Code Goes Here: March 2009

Thursday, March 26, 2009

The C# coalesce operator short circuits

Though it isn't mentioned in the help, the C# coalesce operator ( ?? ) does short circuit. If the left hand side isn't null, then the right hand side isn't evaluated.

Wednesday, March 25, 2009

F# Steals Show Smart Tag Keyboard Shortcut

Over the last few days I've noticed that pressing Ctrl-. no longer expanded the Smart Tags in the text editor (used to Refactor Rename or implement interfaces). It turns out FSI steals this combination for Canceling Evaluation.

To rebind it, find View.ShowSmartTag in the keyboard options and set it back to Ctrl-.

Edit: It turns out this is mentioned in the release notes that I neglected to read. Oops.

Monday, March 23, 2009

Writing a Compiler with F# Part 3

Now that we can read user input and pipe it into our evaluator, we need to start implementing the main parts of the compiler. First it's helpful to understand what compilers actually do. In a rough sense, they take the text files containing the code and output an exe or a dll or something, i.e., they transform human readable text into machine code. This is a simplified definition, but it will suffice for our purposes.

It may be tempting to go directly from text into code, but for anything beyond the simplest of languages this ends up being very difficult both to write and maintain. Most compilers divide up the work into several stages that form a pipeline of sorts. Some common stages are:

Lexing: The raw sequence of characters is transformed into a sequence of Tokens. For example, the Lexer would consume 'w' 'h' 'i' 'l' 'e' from the input file and return the WHILE token
Parsing: The tokens from the Lexer are consumed to produce an Abstract Syntax Tree. An AST is a convenient in-memory representation of the program. More on these in a moment. For example, the Parser might consume VAR IDENTIFIER('i') COLON TYPENAME('int') and produce an instance of our VariableDeclaration class with the Name property set to 'i' and the type set to 'int'
Type Checking: Once we have the AST, we can make several passes over it to check the semantics of the language, including that programs are well typed. For example, when looking at an IfStatement we'd want to make sure that the Expression for the if clause was of type bool.
Other backend phases: We'll talk more about backend phases like instruction selection, register allocation, and optimizations if we ever get to building the backend. Ultimately these phases involve walking over the AST and finally spitting out machine code (assembly language, IL for .NET, etc.)

What you should see here is that the actual textual representation of the language plays a very small part in this whole process. A large portion of the compiler depends solely on the AST. Only the Lexer and Parser really care whether you end statements with semicolons or have syntactically significant whitespace, for example. Because of this, it's useful to start thinking about the AST first, and then worry about Lexing and Parsing.

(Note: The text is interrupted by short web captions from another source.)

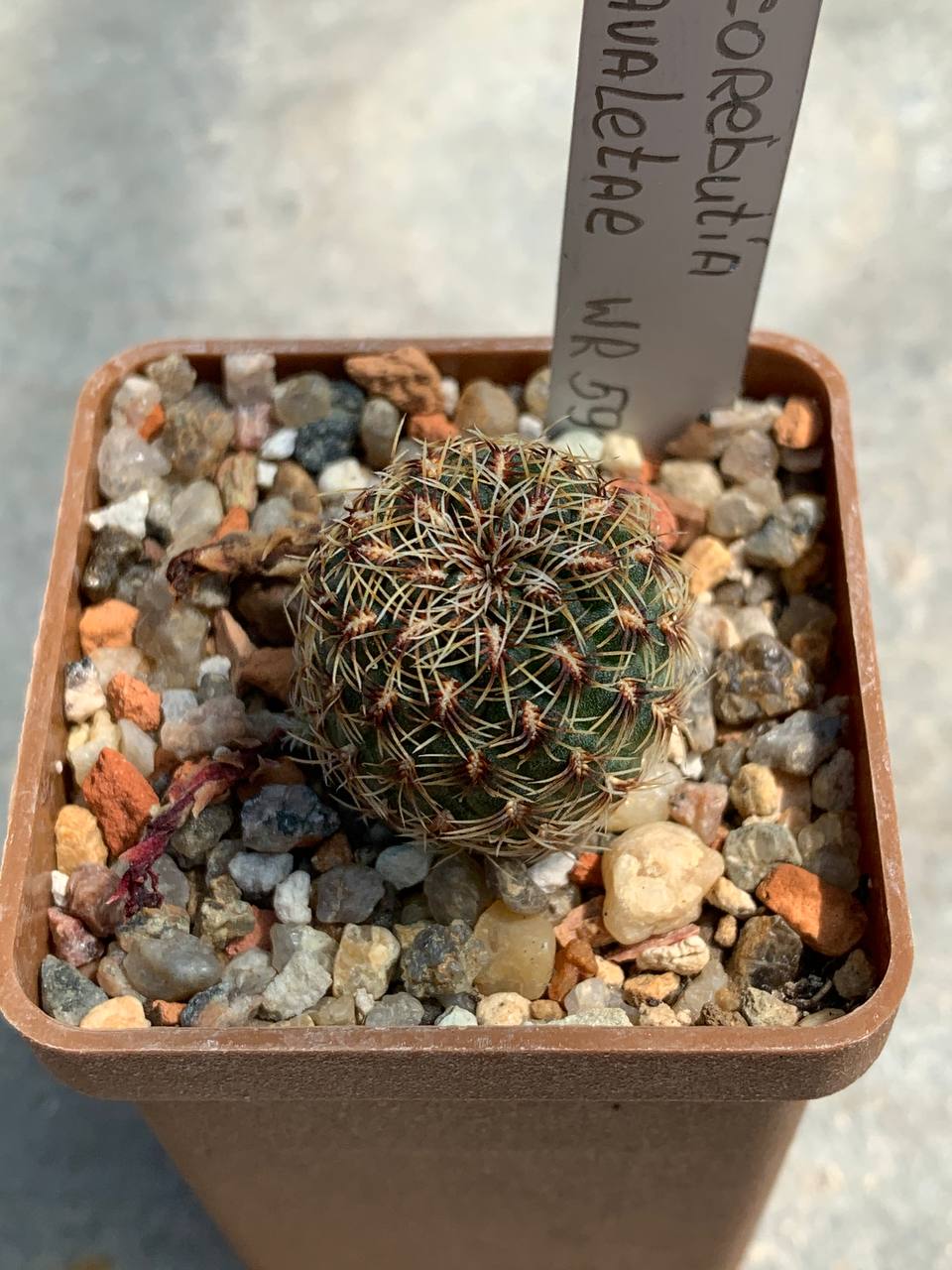 Sulcorebutia zavaletae WR 590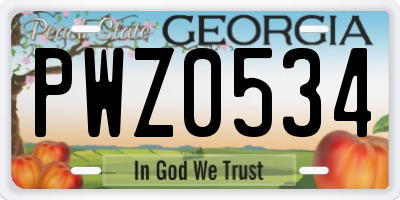 GA license plate PWZ0534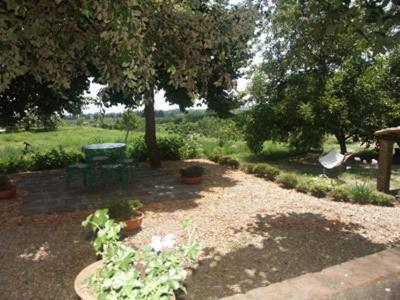 זפראנה אטניאה B&B Sotto I Pini מראה חיצוני תמונה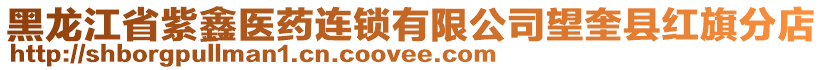 黑龍江省紫鑫醫(yī)藥連鎖有限公司望奎縣紅旗分店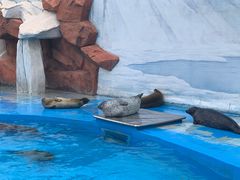-上海海昌海洋公园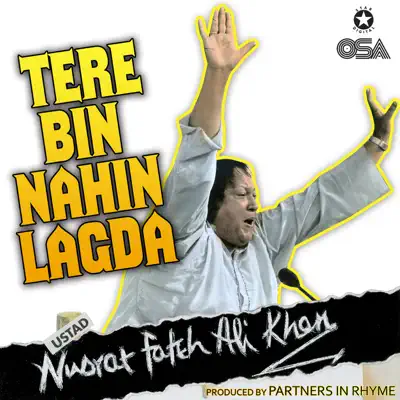 Tere Bin Nahin Lagda (feat. Partners In Rhyme) - Single - Nusrat Fateh Ali Khan Tere Bin Nahin Lagda (feat. Partners In Rhyme) - Single - Nusrat Fateh Ali Khan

In F#, the most common way to model ASTs is through the use of discriminated unions. These are roughly the functional programming equivalent of a polymorphic class hierarchy, although much simplified. Let's look at an AST for a very simple language that lets you print arithmetic expressions (provided you only want to use parentheses and addition/subtraction).

type binop =
    | Plus
    | Minus

type expr =
    | Int   of int
    | BinOp of binop * expr * expr
    
type stmt =
    | Print of expr
    | Seq of stmt list

The keyword 'type' introduces the declaration of a discriminated union. Each option is followed by a |. binop, for example, resembles an Enum that can either be Plus or Minus. The main difference between these unions and enums becomes apparent when you look at 'expr': each of the options can carry data. We can have an expr Int that contains an integer value, or a BinOp that contains a binop (remember Plus or Minus) and two other expressions. We would represent "print 5 + 3" in our AST as Print(BinOp(Plus, Int(5), Int(3)))

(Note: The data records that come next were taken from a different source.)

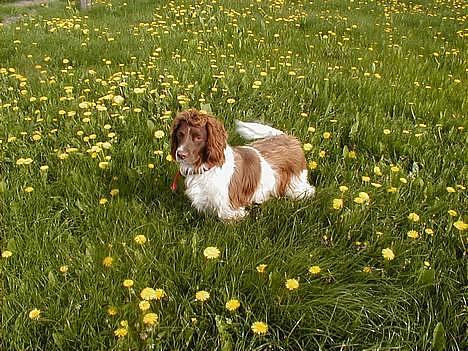 Engelsk springer spaniel Ciago billede 15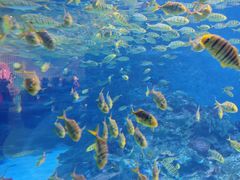 -海合安成都极地海洋公园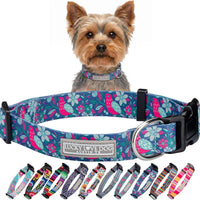 Lucky Love Dog Collar for Puppies & Small Dogs Cute – Carriebelle, X-Small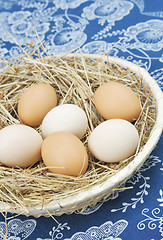 Image showing Fresh farm eggs in scuttle with hay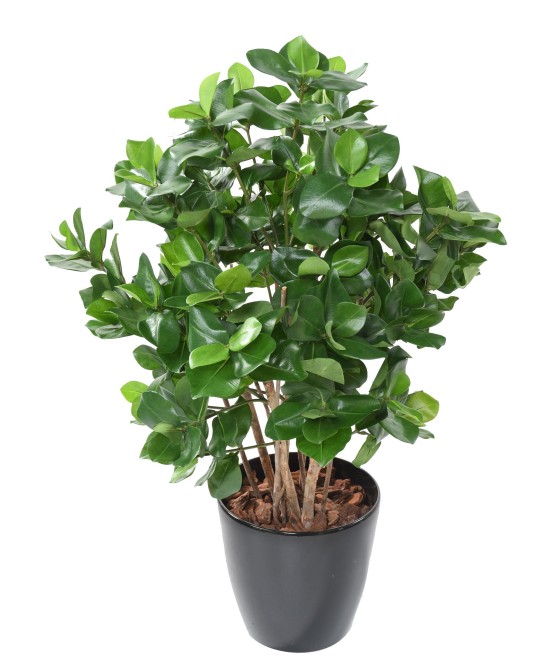 Artificial CLUSIA BUSH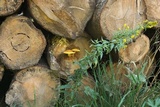 Gymnopilus luteus image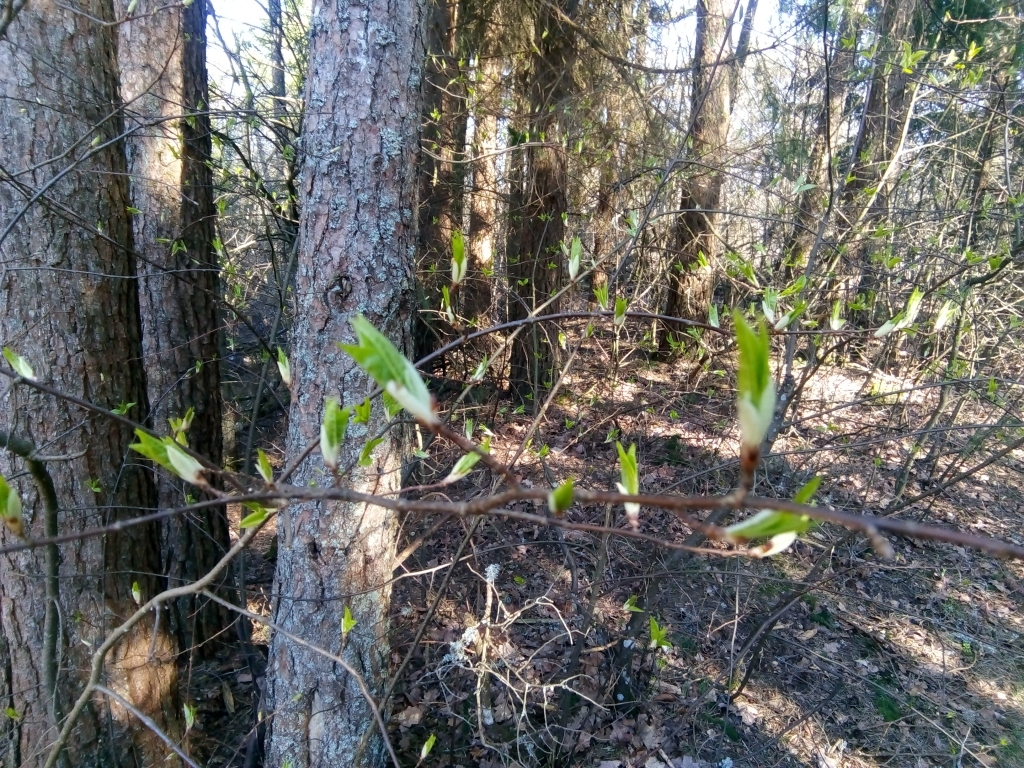 Autors: Uldis Dobelis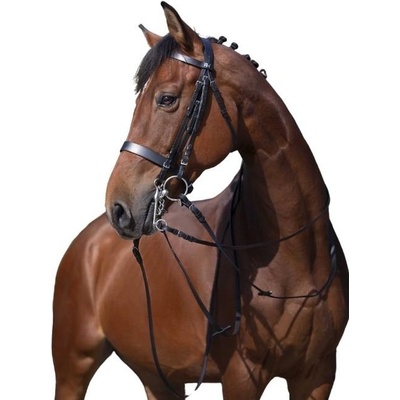 RIDING Uzda WORLD černá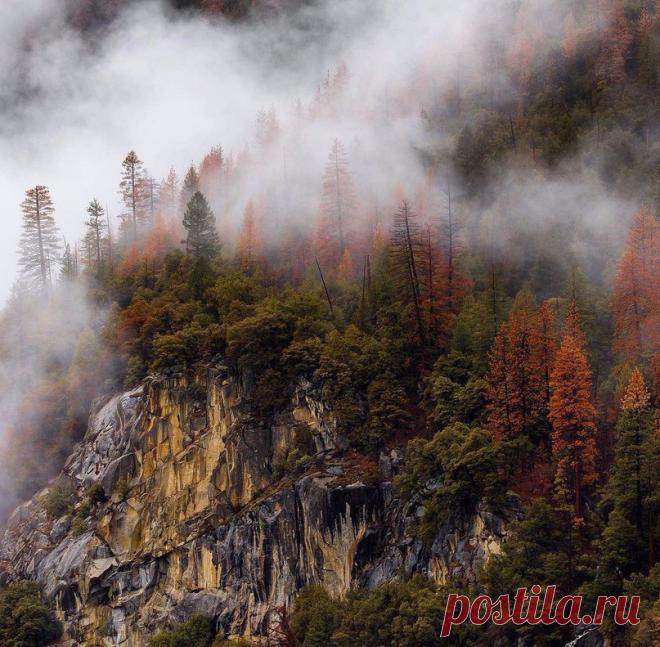 (9) Мой Мир@Mail.Ru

Discriminated unions really become powerful when combined with pattern matching. Given the AST above we can easily build a simple evaluator. Here's all we need:

let rec evalE (env,fenv) = function
    | Int i -> i
    | BinOp(Plus, l, r) -> (evalE (env,fenv) l) + (evalE (env,fenv) r)
    | BinOp(Minus, l, r) -> (evalE (env,fenv) l) - (evalE (env,fenv) r)
    
and eval (env,fenv) = function   
    | Seq stmts -> List.fold_left eval (env,fenv) stmts
    | Print e -> printfn "%d" (evalE (env,fenv) e); (env,fenv)

Ok what's going on here? We've defined two mutually recursive functions, 'eval' for evaluating statements, and 'evalE' for evaluating expressions. We can safely ignore (env,fenv) for now; those will be useful when we add variables and functions. The body of 'eval' says: If I'm handed a Seq of statements, fold the eval function over each statement. Since we don't have variables yet this is could easily just be 'for each statement, evaluate it'. It also says: If I'm handed a Print of some expression, evaluate the expression and then print it out. Evaluating expressions works similarly. If I'm handed a BinOp(Plus) of two expressions, evaluate each one and then add them together.

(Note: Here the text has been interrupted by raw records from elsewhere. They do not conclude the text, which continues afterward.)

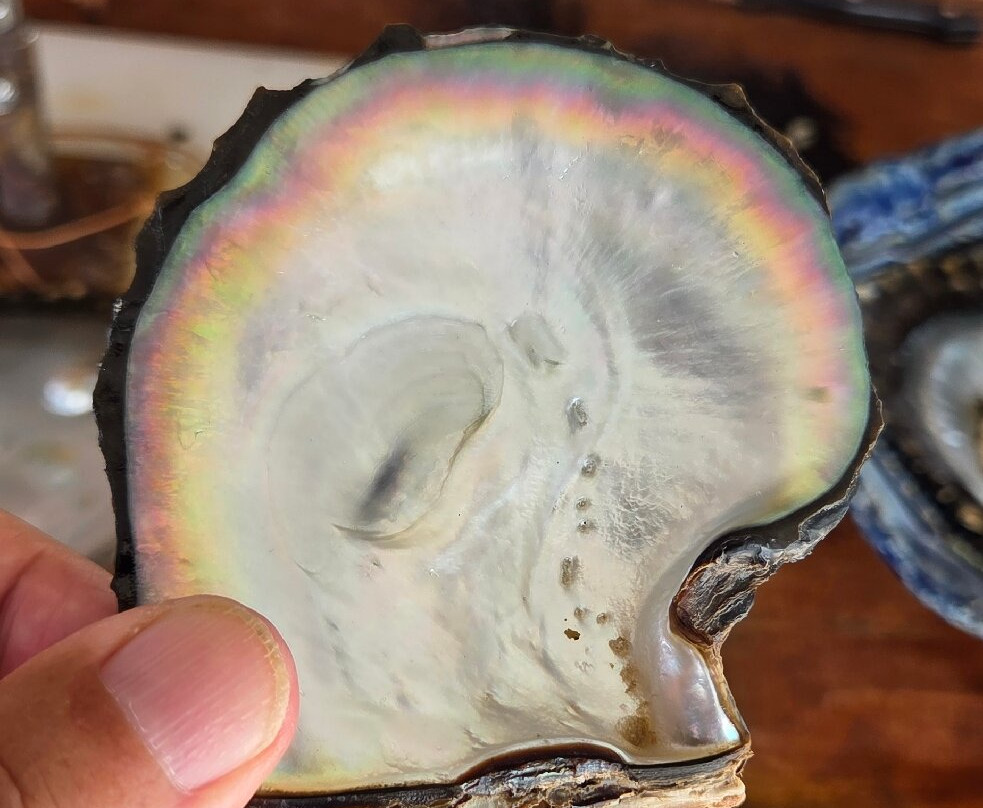 Huahine Pearl Farm-Huahine必去景点
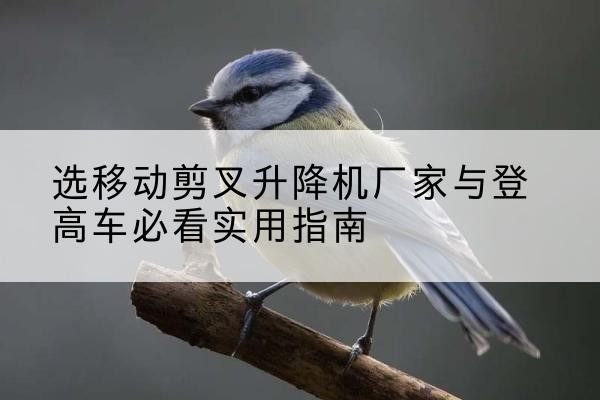麦盖提电动升降机厂家-选移动剪叉升降机厂家与登高车必看实用指南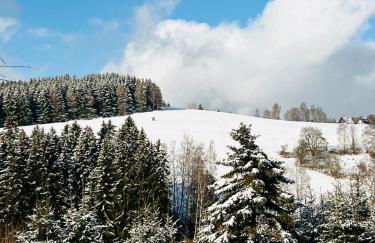 FeWo - Bergblick - Foto 31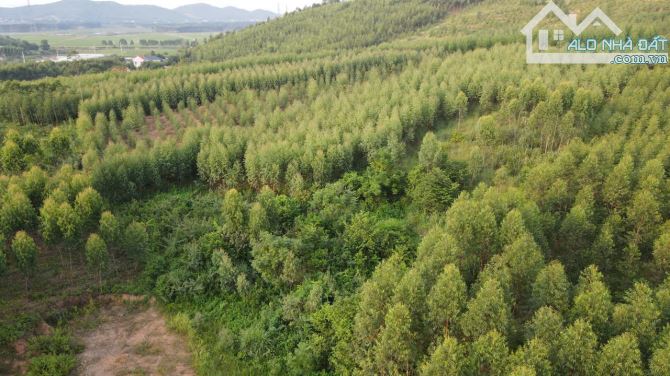 Chính chủ bán đất Cẩm Lý, Bắc Giang 2050m, mt 22m, giá 1.1tỷ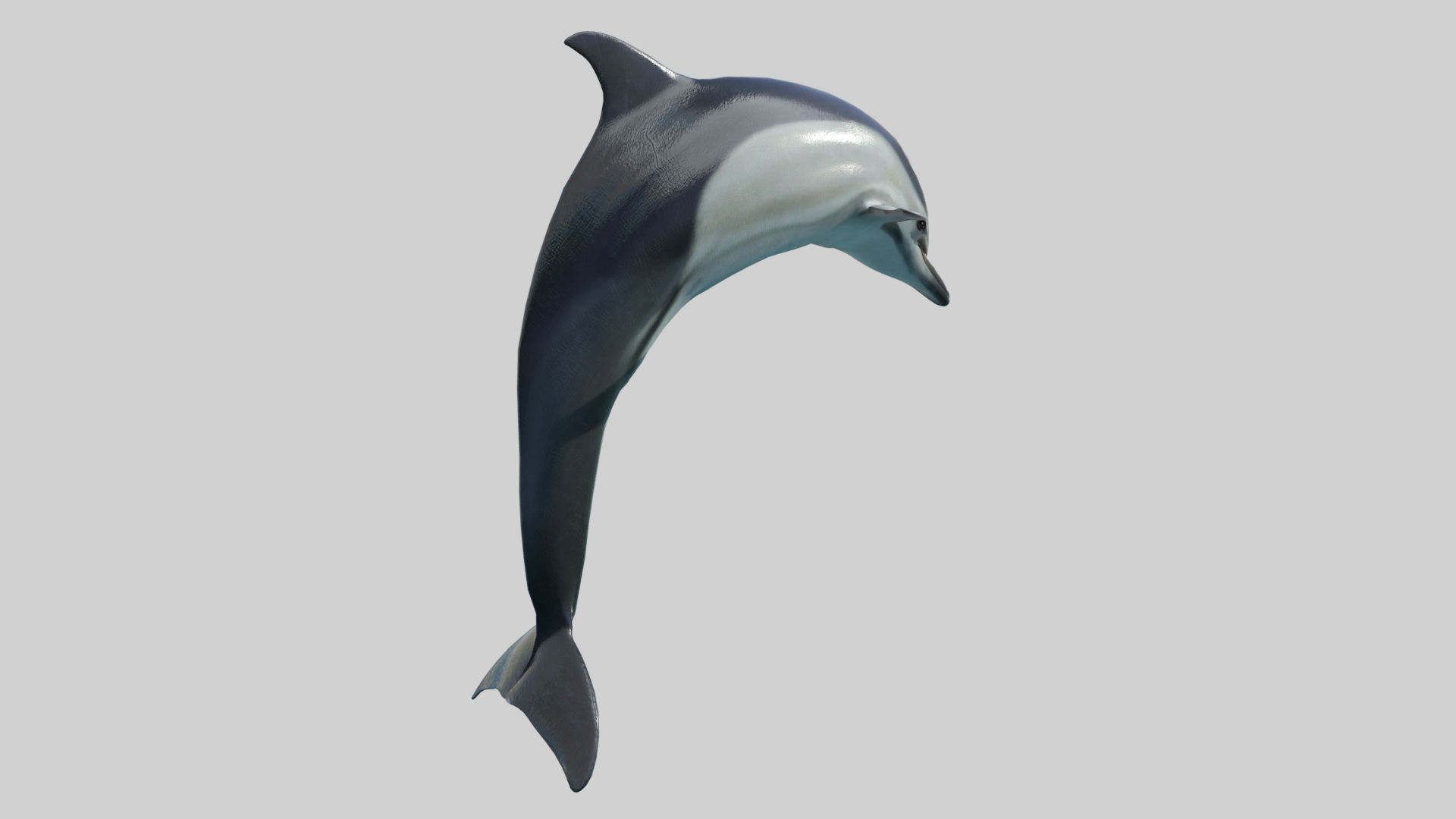 Delphinus Dolphi Animated 3D model_8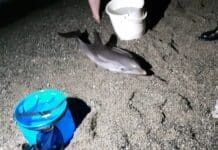 Monterosso, cucciolo di delfino spiaggiato salvato dai bagnanti, poche le speranze delfino cucciolo spiaggiato Albisola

In these relatively few lines of code, we've built a simple arithmetic evaluator. If you type this stuff into fsi, you can call the evaluator by doing something like:

eval (0,0) (Print(BinOp(Plus,Int(5),Int(6))))

Which will evaluate 5 + 6 and print out 11. Next time we see how to build a simple Lexer and Parser for the language so we don't have to type the AST out manually any more.

Friday, March 20, 2009

Using a custom base class for a generated ObjectContext

We're adapting our framework to support the Entity Framework in addition to its current support for Linq to SQL and running into issues. The Linq to SQL approach involved, among other things, a Base Data Context class that we could easily instruct the built in code generator to use. The LINQ to SQL designer has first class support for specifying that we want the generated data context to inherit from our BaseDataContext instead of the built-in DataContext directly.

Not only does the Entity Framework designer not have first class support for this, it appears that the Entity Framework tool chain itself has no support for this at all. I hope I'm wrong about this, but thus far I've been completely unable to find a way to specify that I want my generated ObjectContext to inherit from my BaseObjectContext instead of just ObjectContext.

Not impressed.

Sunday, March 15, 2009

Writing a Compiler with F# Part 2

Since the ideas I want to mess with are more related to type systems than, say, instruction selection or optimizing passes, I'm going to completely neglect the backend of the compiler for awhile. Initially I'm not going to compile the language at all. Instead I'll just build a simple interpreter to evaluate the type-checked parse tree.

The easiest way to play with this is to make a basic REPL (Read Evaluate Print Loop). Basically a prompt that you can type language snippets into and have them run and the results printed. For F#, the REPL is called fsi.exe. Other languages have this feature as well (in Ruby it's irb.exe).

To get started, I'm going to forget about all the lexing and parsing stuff and get my feet wet with F# by building the framework for a simple REPL.

First, I'll need to print a prompt and get some input. Here's an F# function to handle that:

let getInput (prompt:string) =
 (Console.Write(prompt); Console.ReadLine())

Pretty basic stuff. I had to specify the type for "prompt" since Console.Write is overloaded.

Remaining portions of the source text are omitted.